• _TASK DESCRIPTION_: Everything from the line with "Adorable porcupine with" to the last line of the listing must be retyped exactly, both ends included, with the pictures dropped.

• _PROVIDED MATERIAL_:
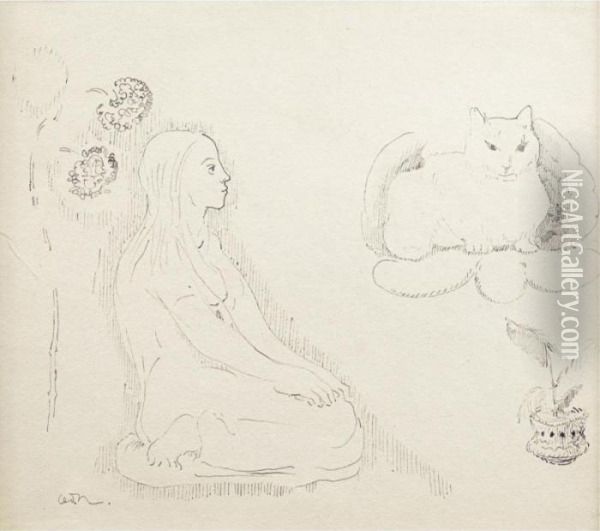 Jeune Fille Avec Chat Et Fleurs Oil Painting - Odilon Redon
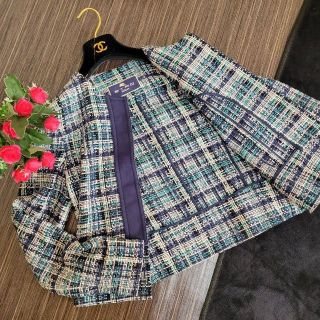 ETRO　ツイード　ジャケット　ノーカラー　スーツ　パーカー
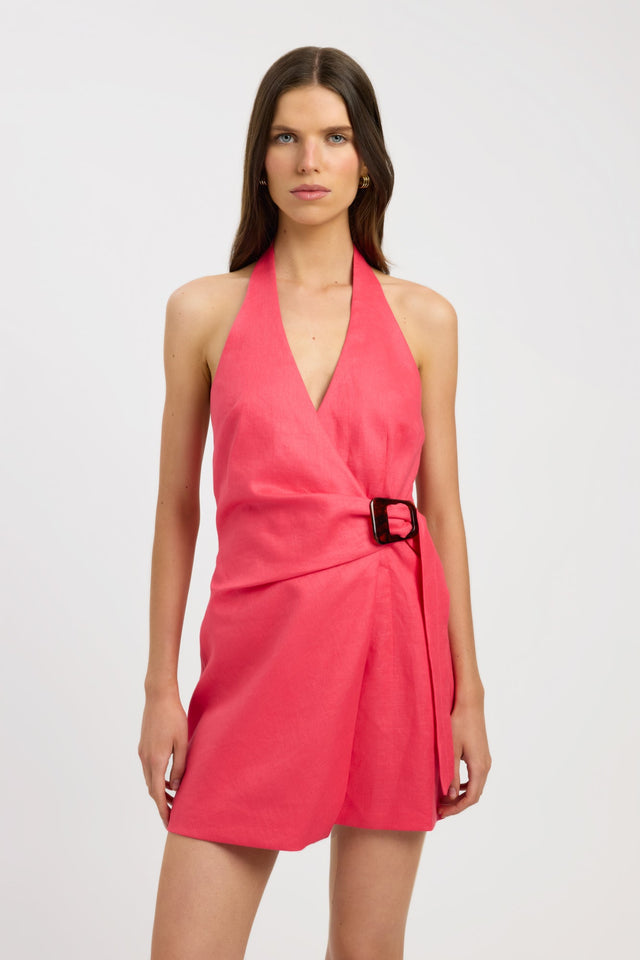 front Palm Trim Mini Dress Kookai Straight Mini Fitted V-neck womens-dresses 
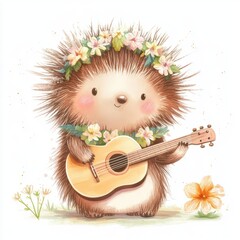 Adorable porcupine with a floral crown playing a guitar, standing against a white background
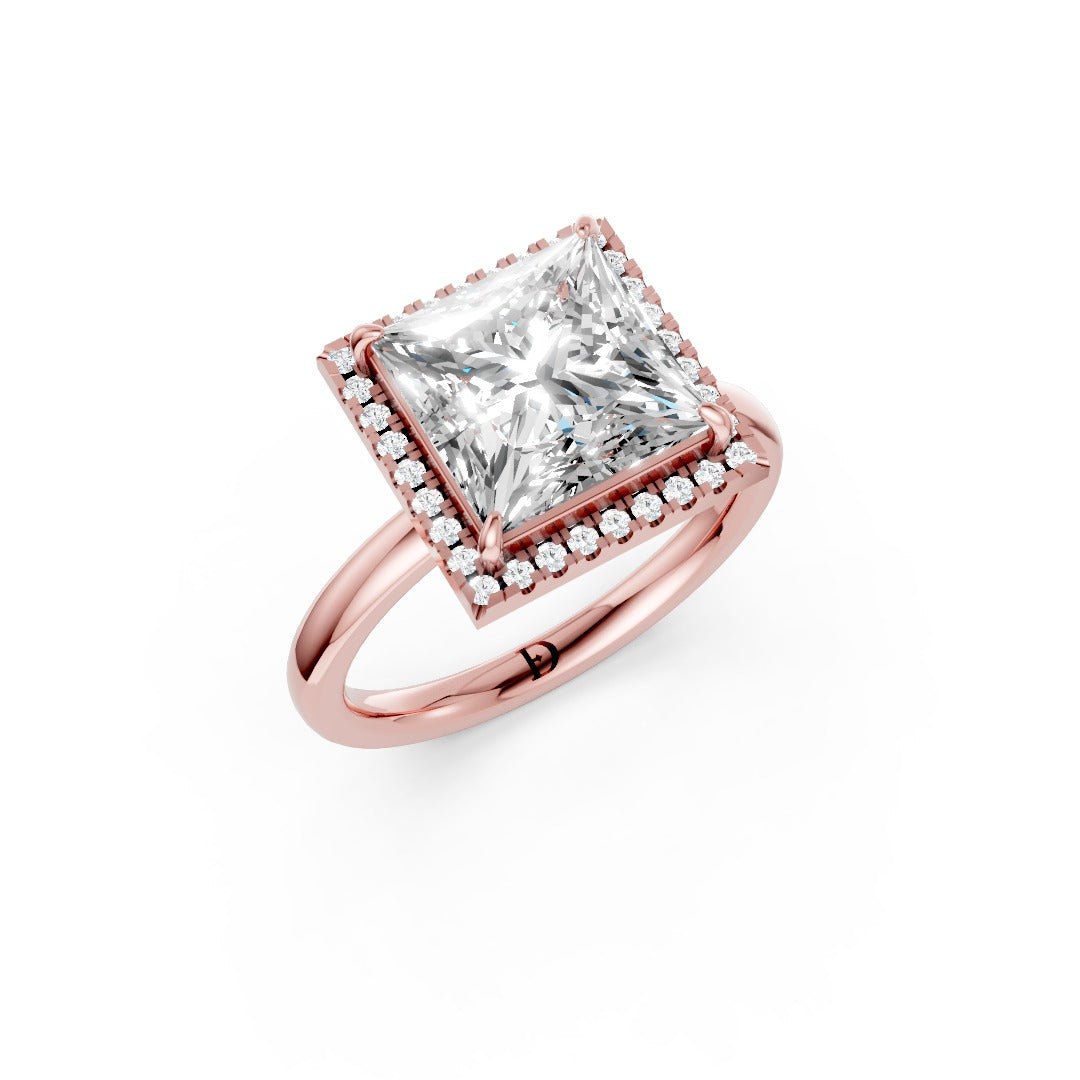 Princess Cut Lab Created Diamond Halo Anniversary Ring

• _RESPONSE_:
 Adorable porcupine with a floral crown playing a guitar, standing against a white background
 Princess Cut Lab Created Diamond Halo Anniversary Ring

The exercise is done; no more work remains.